I’ve had to swallow two arguments recently with fellow-Christians because having the argument would have been less worthwhile than the friendship or whatever that it would have taken away. One (a surgeon, though admittedly only an orthopedic surgeon if I remember) didn’t believe in evolution. The other, a management consultant, thought we might allow the possibilities of a Young Earth because ‘science is changing all the time.’
Wrong, and wrong, and wrongity wrong wrong. My friends were trying to pay a bill with the wrong coin. Neither had arrived at their wacky ideas through studying science. It was their attempts at Bible study, which were also not very good, that they had hurled like a custard pie into a scientific discussion, that led them astray. This you cannot do. You have to give to Caesar what is Caesar’s: critique science with the methods of science. Critique theology or bible-exegesis with better theology or bible-exegesis.

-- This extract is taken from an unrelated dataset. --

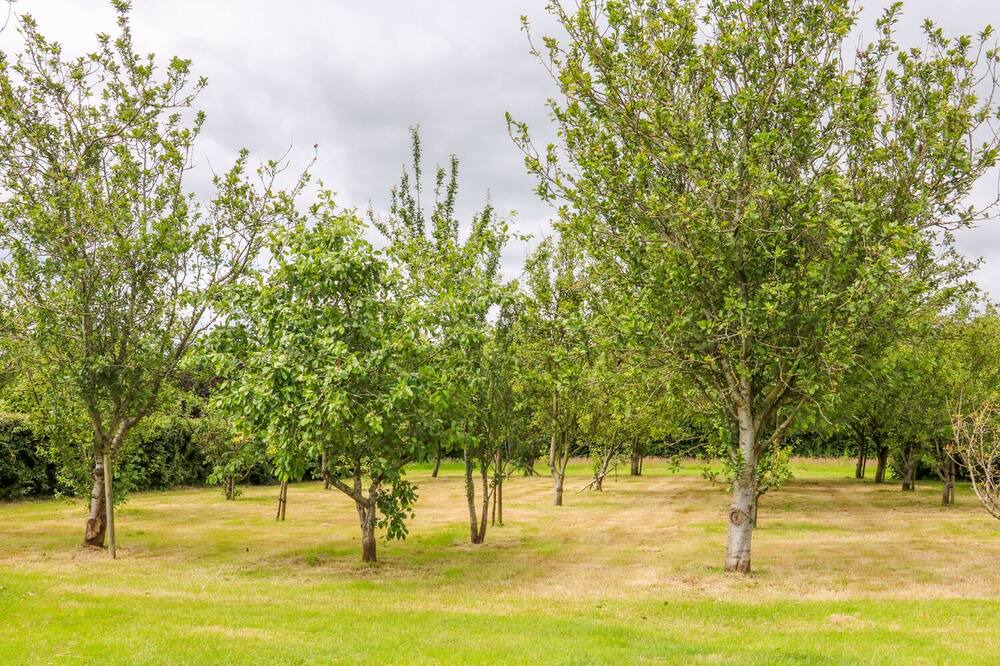 Photo of Outdoor in Knockaderry Cross Roads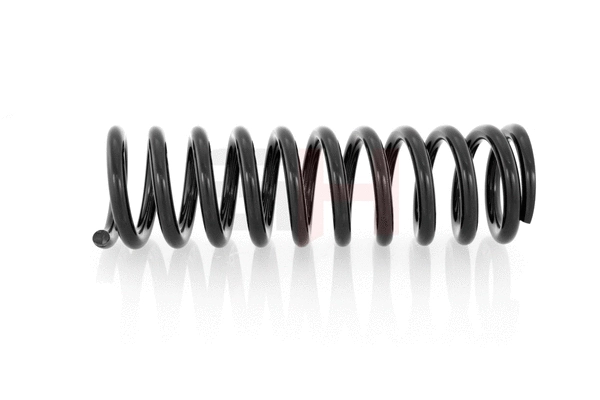 Suspension Spring (GH-223301)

The same problem happens in reverse, of course, when scientists stray from their proper bounds and ask questions, for example about why anything exists. Science is equipped to measure, watch, count, predict. Surely it’s ill-equipped to find a rationale for being itself.
We know in part (in science); we know in part (in theology). Stirring two half-cooked things together and thinking a fully cooked meal will magically pop out is not going to work.
You can only have fruitful dialogue between science and religion when you stop nipping down shortcuts. Mostly this involves, like walking through an airport, by just following one path to the end, albeit with a friendly glance now and then through the glass to see what the other people in the different corridors are doing.
A recipe for incomplete knowledge and messy contradiction? That shows we’re on the right lines.